Reúso de aguas tratadas para enfrentar la crisis hídrica

En Chile las aguas residuales (domésticas e industriales) deben ser tratadas en plantas depuradoras antes de ser descargadas al medio ambiente. Si el proceso se realiza de forma adecuada, y se certifica la calidad de las aguas tratadas, estas pueden ser reutilizadas en actividades diferentes a las que les dieron origen.


Hoy existe alto interés por la reutilización de aguas grises, una tecnología interesante, pero que depende de contar con un doble sistema de alcantarillado. Por el contrario, las aguas servidas, incluyendo las aguas negras, no requieren de la separación del alcantarillado y se pueden tratar íntegramente utilizando sistemas de lodos activados. Una vez finalizado el proceso de tratamiento, las aguas pueden ser reutilizadas, por ejemplo, para riego, de forma segura para las personas y el medio ambiente.


Algunos de los usos más frecuentes para las aguas tratadas son:

  • Urbano, que incluye irrigación de parques y jardines.

  • Industrial, por ejemplo en sistemas de refrigeración y humectación de caminos.

  • Riego agrícola, con restricciones según el tipo de cultivo.


En países que deben enfrentar regularmente condiciones de escasez hídrica, gran parte de las aguas residuales tratadas se utilizan para riego. Esta estrategia incluso puede mejorar la fertilidad de los suelos, en aquellos casos en que quedan disponibles algunos nutrientes, como nitrógeno y fósforo.

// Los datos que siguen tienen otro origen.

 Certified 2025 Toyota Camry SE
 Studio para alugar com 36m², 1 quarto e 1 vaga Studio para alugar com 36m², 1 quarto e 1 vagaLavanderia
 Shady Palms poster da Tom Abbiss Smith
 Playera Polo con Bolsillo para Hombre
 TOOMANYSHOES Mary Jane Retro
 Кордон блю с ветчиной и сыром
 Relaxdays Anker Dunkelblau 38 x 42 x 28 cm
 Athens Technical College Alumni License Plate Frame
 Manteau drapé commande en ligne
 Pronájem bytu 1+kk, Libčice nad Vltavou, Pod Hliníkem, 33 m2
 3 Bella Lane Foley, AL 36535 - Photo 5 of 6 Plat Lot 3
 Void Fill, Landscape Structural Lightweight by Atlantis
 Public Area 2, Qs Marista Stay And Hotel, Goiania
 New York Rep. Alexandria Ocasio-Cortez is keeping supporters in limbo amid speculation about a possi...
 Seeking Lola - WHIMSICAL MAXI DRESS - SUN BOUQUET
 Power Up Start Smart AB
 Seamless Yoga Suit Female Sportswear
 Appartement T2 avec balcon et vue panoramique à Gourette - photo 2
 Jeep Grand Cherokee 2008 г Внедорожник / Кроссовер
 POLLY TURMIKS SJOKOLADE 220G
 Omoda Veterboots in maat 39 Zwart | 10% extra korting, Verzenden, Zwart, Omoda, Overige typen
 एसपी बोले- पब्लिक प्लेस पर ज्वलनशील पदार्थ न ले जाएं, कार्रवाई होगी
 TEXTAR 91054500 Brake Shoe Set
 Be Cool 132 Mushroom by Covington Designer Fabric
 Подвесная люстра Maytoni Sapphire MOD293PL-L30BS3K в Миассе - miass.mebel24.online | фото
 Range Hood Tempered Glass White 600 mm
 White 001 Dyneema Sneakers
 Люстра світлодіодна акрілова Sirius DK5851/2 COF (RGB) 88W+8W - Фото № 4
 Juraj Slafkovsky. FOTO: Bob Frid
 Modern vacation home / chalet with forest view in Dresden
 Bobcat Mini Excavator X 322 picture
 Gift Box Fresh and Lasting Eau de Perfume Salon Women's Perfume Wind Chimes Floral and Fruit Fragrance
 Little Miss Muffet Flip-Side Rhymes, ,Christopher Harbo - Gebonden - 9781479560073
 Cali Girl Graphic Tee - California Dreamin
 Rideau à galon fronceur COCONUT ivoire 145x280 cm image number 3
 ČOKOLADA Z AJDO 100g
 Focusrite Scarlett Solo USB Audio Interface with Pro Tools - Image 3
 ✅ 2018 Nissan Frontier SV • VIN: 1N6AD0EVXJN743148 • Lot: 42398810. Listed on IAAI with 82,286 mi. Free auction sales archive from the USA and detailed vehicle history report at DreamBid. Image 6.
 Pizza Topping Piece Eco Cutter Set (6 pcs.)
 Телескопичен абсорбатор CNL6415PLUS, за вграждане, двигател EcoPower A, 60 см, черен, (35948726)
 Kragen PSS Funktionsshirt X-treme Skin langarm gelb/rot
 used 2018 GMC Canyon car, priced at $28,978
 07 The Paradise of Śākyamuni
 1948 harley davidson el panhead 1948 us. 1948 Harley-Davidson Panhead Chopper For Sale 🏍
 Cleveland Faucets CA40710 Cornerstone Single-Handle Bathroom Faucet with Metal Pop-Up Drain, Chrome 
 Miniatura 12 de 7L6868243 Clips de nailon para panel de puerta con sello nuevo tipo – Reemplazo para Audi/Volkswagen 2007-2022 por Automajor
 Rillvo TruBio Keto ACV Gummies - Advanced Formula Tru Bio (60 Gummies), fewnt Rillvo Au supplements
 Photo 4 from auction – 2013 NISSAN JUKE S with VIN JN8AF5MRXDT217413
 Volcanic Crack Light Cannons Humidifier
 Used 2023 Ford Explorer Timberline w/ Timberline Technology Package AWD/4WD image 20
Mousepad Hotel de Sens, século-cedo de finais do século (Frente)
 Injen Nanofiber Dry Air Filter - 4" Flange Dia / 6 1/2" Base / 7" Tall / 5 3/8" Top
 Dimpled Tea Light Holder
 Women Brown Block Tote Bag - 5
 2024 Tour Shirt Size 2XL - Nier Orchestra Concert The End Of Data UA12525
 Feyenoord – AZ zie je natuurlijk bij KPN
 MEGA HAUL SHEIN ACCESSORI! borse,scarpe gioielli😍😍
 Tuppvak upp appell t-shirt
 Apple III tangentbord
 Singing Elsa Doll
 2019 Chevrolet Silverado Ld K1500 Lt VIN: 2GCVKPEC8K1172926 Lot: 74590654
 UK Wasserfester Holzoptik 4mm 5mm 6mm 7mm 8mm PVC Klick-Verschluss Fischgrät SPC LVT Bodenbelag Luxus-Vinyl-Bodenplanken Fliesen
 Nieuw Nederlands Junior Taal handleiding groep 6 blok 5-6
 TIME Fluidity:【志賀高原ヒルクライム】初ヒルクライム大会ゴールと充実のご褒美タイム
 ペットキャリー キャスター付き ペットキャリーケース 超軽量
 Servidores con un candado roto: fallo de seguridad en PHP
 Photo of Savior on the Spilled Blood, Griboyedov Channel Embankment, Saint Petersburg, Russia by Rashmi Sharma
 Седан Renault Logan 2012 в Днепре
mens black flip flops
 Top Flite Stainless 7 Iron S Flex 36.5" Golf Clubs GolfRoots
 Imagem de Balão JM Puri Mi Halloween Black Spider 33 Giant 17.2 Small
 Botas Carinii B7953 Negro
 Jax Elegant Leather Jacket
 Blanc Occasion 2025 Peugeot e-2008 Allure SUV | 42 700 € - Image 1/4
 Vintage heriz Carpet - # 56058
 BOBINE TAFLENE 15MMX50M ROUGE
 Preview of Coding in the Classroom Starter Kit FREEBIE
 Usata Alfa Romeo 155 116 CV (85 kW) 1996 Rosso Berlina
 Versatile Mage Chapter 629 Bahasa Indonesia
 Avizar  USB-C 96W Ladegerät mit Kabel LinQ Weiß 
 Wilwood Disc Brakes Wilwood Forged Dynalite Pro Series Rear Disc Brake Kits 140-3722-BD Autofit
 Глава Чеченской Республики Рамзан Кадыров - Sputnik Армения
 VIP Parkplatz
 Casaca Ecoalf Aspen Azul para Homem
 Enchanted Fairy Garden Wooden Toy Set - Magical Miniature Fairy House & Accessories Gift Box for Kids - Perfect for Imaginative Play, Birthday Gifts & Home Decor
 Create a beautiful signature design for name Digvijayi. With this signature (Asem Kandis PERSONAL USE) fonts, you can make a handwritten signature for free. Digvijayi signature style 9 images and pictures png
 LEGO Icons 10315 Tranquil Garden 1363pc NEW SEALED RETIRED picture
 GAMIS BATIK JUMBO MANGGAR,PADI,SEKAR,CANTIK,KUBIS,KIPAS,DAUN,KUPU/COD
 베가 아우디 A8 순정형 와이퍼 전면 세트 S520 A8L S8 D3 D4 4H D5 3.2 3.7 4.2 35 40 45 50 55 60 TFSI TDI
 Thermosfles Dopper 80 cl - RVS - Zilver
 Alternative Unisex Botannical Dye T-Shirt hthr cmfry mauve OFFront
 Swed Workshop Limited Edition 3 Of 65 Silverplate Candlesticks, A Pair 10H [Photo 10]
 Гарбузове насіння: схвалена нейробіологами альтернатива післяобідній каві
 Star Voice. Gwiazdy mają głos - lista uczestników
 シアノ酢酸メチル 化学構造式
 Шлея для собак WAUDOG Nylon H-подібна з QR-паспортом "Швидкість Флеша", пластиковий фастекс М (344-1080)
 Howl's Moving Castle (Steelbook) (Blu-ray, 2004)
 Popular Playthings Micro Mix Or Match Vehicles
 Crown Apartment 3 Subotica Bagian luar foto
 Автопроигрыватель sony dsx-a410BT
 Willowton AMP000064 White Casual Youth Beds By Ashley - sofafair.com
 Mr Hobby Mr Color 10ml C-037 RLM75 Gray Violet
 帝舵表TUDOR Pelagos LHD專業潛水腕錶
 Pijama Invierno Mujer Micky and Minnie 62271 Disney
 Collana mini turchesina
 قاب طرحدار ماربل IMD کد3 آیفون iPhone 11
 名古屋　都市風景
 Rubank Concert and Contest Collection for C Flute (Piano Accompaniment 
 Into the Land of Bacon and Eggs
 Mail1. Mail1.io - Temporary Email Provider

En el caso de Chile, reutilizar las aguas tratadas es una estrategia que sin duda se debe considerar para enfrentar la crisis hídrica, dándole al menos un segundo uso a este escaso recurso. Pero para poder reutilizar las aguas tratadas, las plantas de tratamiento deben funcionar óptimamente y cumplir con la normativa vigente, para así evitar que se ponga en riesgo la salud de las personas y el medio ambiente.